The final shot of Alejandro Landes’ Monos encapsulates everything that the film could have been but isn’t. A group of military troops have just flown over a jungle in Colombia and rescued Rambo (Sofía Buenaventura), a former child soldier in a FARC-esque guerrilla movement called “The Organization.” As the group prepares to land in an unnamed city, the camera pans to Rambo, who turns and looks at the audience with a pleading, teary stare.

In many ways, Rambo’s traumatized expression reflects the terrible things he’s been through. Up until this final shot, he and several other child guerrillas (played by Moisés Arias, Julián Giraldo, Karen Quintero, Laura Castrillón, Deiby Rueda, Esneider Castro, and Paul Cubides) have lived in near-total isolation in the Colombian wilderness. Periodically, a messenger (Wilson Salazar) from The Organization comes by to train them and give them orders from the higher-ups. Otherwise, these teenagers’ main job is to watch over an American hostage they call “Doctora” (Julianne Nicholson).

As it moves forward, Monos turns into a bleak and atmospheric depiction of how depraved life in a war zone can become. The teenage guerrillas wield assault rifles with the excitement of an infant playing with new toys, and the more aggressive among them have no problem with killing and torturing innocent people. Although she initially seems helpless, moreover, even Doctora ends up committing barbaric acts in her desperate attempts to escape captivity.

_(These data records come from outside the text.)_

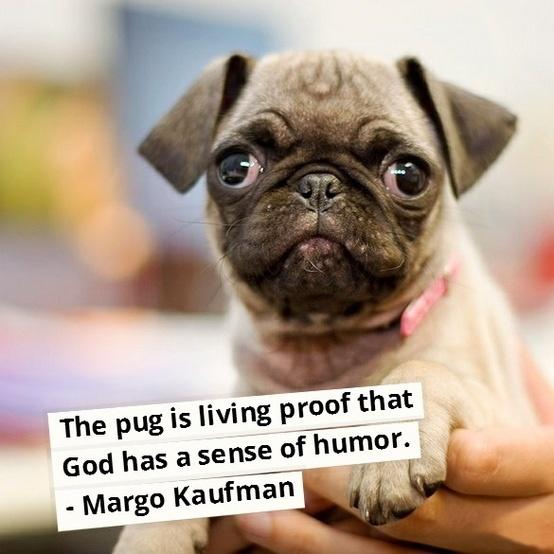 The pug is living proof that God has a sense of humor Picture Quote #1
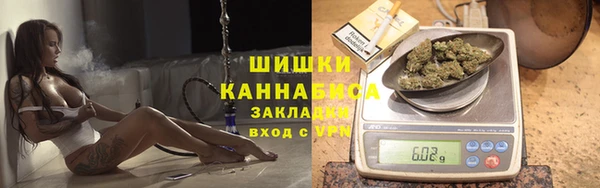 меф Переславль-Залесский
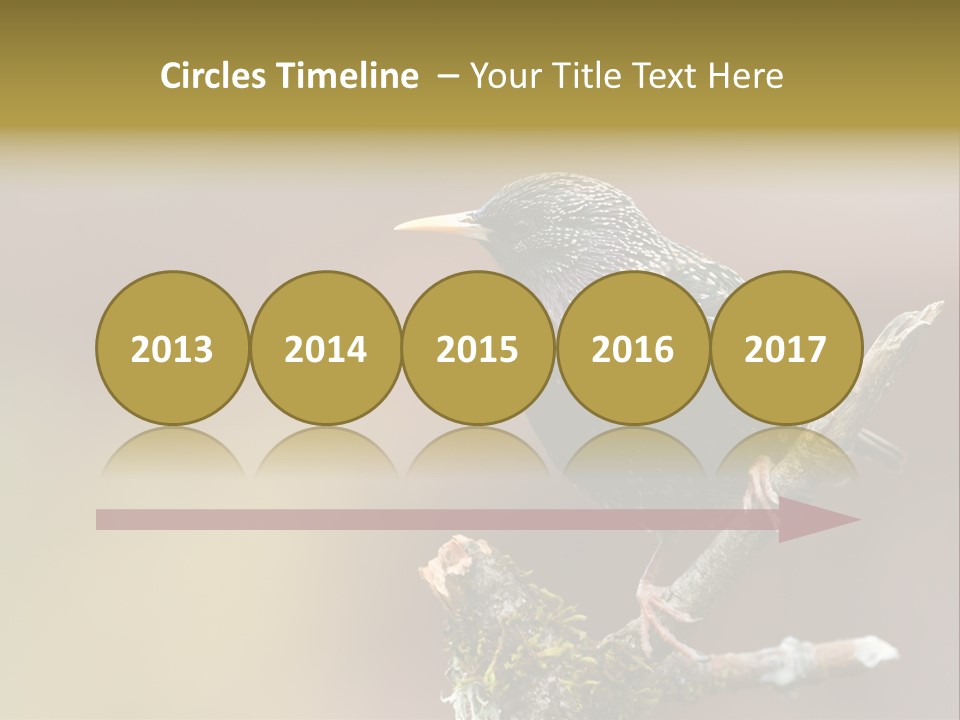 Ornithology Common Starling Cute PowerPoint Template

Rambo’s haunted stare, in short, testifies to Monos’ main goal: showing how warfare and isolation suck the humanity out of people. But what’s ironic is that the film engages in the same dehumanization it implicitly condemns. Even as we’re made to react with shock at The Organization’s impersonality, Landes himself refuses to give any of his characters anything resembling individuality. In his hands, Doctora and the teenage guerrillas become mere symbols, empty vehicles for conveying his abstract message about human cruelty.

At times, moreover, Landes’ indifference towards his characters manifests itself in the film’s cinematography. While cinematographer Jasper Wolf does use subjective shots, he shoots many of the most dramatic scenes from a more dispassionate third-party perspective. In depicting events from such a detached viewpoint, the camera embodies – and reinforces – the narrative’s impersonal and hypocritically dehumanizing attitude.

Ultimately, it turns out that Wolf’s cinematography is also at the root of the other major problem with Monos. Rambo’s haunted expression, in a sense, is Monos’ version of “the horror,” Colonel Kurtz’s famous last words in Apocalypse Now. Yet the film’s visuals detract attention from these dark themes. Elegant to a fault, Wolf’s camerawork makes use of technically dazzling long takes and scrupulously graceful movements that sit poorly with the narrative’s grisliness.

Ever since its premiere at Sundance this past January, critics have praised Monos for its stylistic craftsmanship. But while the film certainly is exquisitely made, its craftsmanship arguably undercuts Landes’ efforts to highlight warfare’s “horrors.” Instead of reflecting on what Landes wants to say about human nature, you’ll more likely leave Monos thinking, “Wow, that was such a beautiful movie!” If this film aspires to be a cinematic Lord of the Flies, its showiness and intellectual hypocrisy make it something far less in practice.